Dass die Polizeireform, die zwar politisch von Grün-Rot umgesetzt, davor aber von Polizeikräften ausgetüftelt wurde, nun politisch in Bewegung geraten könnte, dem sieht Schwarz relativ entspannt entgegen. Unter anderem Thorsten Frei, Bundestagsabgeordneter der CDU im Schwarzwald-Baar-Kreis und Wahlkampf-Chef von Guido Wolf, dem Spitzenkandidaten der CDU für die Landtagswahl 2016, hatte speziell den Zuschnitt des Tuttlinger Präsidiums mit dem Sitz des FLZ am äußersten Zipfel als "Witz" bezeichnet.

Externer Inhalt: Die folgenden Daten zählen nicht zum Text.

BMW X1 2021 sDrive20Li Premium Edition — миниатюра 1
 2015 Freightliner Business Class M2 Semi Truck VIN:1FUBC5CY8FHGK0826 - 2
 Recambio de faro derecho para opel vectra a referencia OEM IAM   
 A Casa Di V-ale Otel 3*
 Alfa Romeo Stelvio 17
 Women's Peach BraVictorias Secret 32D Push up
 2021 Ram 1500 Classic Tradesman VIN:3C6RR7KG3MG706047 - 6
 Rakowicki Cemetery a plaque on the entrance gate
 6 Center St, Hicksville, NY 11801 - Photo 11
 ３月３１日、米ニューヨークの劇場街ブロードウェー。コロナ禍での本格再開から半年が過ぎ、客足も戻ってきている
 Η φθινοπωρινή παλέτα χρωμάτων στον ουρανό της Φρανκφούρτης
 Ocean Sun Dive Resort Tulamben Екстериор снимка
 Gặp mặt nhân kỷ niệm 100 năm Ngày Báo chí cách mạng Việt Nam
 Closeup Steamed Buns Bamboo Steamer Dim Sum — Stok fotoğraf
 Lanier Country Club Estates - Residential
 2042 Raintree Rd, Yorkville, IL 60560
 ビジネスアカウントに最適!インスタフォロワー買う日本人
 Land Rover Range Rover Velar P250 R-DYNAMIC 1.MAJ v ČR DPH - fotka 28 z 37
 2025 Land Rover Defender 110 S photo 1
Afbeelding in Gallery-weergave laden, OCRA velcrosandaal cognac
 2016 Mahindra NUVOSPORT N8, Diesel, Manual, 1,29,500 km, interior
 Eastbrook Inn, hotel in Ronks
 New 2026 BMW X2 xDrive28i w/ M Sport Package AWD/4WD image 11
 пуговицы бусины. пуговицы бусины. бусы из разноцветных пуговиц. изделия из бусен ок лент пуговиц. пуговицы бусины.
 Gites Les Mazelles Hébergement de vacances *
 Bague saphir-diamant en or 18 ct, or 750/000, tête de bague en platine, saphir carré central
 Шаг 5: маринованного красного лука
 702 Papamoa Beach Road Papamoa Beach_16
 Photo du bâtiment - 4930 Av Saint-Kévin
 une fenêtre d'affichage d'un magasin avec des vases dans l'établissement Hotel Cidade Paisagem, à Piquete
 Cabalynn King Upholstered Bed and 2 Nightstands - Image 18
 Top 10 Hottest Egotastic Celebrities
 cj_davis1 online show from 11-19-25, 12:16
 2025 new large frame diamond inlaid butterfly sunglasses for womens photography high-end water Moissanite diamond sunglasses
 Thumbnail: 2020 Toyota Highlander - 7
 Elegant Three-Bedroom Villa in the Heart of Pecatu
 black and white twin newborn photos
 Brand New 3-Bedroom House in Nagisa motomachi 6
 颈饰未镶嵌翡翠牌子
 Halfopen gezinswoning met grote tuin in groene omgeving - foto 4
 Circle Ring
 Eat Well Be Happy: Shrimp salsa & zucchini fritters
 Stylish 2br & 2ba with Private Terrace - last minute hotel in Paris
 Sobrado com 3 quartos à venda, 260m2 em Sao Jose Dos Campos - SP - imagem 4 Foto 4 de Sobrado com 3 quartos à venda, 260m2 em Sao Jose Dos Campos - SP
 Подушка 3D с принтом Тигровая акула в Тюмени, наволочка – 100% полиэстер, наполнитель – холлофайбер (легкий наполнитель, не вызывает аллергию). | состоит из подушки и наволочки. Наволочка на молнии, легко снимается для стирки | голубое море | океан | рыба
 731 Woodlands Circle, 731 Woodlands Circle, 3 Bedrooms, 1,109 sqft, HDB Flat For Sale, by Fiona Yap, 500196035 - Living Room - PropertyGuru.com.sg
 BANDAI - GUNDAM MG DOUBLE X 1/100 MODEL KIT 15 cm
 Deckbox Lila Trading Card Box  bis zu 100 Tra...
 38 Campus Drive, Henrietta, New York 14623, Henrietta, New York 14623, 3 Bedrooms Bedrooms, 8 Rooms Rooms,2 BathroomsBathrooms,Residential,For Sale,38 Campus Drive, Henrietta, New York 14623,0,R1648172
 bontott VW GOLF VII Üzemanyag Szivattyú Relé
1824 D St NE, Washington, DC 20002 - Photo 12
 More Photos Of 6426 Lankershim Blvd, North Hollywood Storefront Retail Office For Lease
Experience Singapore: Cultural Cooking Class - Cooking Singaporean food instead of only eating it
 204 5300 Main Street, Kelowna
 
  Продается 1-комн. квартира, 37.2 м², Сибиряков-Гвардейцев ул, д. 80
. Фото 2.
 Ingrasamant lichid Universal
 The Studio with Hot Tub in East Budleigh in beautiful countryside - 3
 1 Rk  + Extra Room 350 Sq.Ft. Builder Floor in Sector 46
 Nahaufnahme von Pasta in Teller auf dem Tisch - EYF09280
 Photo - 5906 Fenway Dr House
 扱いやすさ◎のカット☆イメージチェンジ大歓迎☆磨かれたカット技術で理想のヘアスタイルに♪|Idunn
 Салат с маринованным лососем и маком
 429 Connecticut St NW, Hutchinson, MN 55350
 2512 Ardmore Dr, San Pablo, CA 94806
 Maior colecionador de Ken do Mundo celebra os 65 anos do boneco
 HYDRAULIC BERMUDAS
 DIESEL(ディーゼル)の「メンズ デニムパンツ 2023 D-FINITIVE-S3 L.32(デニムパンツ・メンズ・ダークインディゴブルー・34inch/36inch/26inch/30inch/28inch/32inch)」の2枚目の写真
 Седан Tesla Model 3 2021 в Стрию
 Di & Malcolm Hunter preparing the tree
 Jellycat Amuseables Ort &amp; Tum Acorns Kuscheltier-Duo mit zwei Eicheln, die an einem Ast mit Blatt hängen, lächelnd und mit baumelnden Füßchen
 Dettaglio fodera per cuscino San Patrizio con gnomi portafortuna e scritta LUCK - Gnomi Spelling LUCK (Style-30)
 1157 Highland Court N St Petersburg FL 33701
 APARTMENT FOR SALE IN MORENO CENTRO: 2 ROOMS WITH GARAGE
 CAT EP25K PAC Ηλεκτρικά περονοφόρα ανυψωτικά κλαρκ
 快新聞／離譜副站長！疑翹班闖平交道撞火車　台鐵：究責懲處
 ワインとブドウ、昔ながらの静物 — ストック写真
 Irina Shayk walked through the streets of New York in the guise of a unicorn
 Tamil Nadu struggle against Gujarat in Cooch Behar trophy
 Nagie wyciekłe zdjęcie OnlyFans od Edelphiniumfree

Schwarz sagt, er könne nur wiederholen, dass das Präsidium seiner Meinung nach funktioniere. Und ob die zentrale Steuerungsstelle nun in Tuttlingen oder anderswo angesiedelt sei, und ob man damit zufrieden sei oder nicht, das sei letztlich nur eine Frage der Befindlichkeit.

Dauert es mitunter zu lange, bis die Spezialisten der Zentralen Verkehrsunfallaufnahme (VUA) und die Leute vom Kriminaldauerdienst (KDD) am Einsatzort sind? Fest steht: Beide Dienste sind in Rottweil und damit geografisch zentral im Präsidiumsbereich sowie durch die A 81 verkehrsgünstig angesiedelt. Die Interventionszeiten – also die Zeit von der Alarmierung bis zum Eintreffen am Einsatzort, unterscheiden sich gravierend. So benötigt die VUA durchschnittlich bis zum Einsatzort im Landkreis Rottweil 40 Minuten, im Schwarzwald-Baar-Kreis 46 Minuten, in Tuttlingen 51 Minuten, in Freudenstadt 51 Minuten und bis zum Einsatzort im Zollernalbkreis sogar 58 Minuten. Schneller geht’s beim KDD: Dessen Leute benötigen bis zum Einsatzort im Landkreis Rottweil durchschnittlich 16 Minuten, in die Kreise Tuttlingen und Schwarzwald-Baar jeweils 35 Minuten, in den Zollernalbkreis 42 Minuten und nach Freudenstadt 57 Minuten. Vergleiche mit der Zeit vor der Reform sind nicht möglich, weil früher keine Zeiten gemessen wurden, sagt Schwarz. Er sei aber sicher, dass es heute deutlich schneller gehe.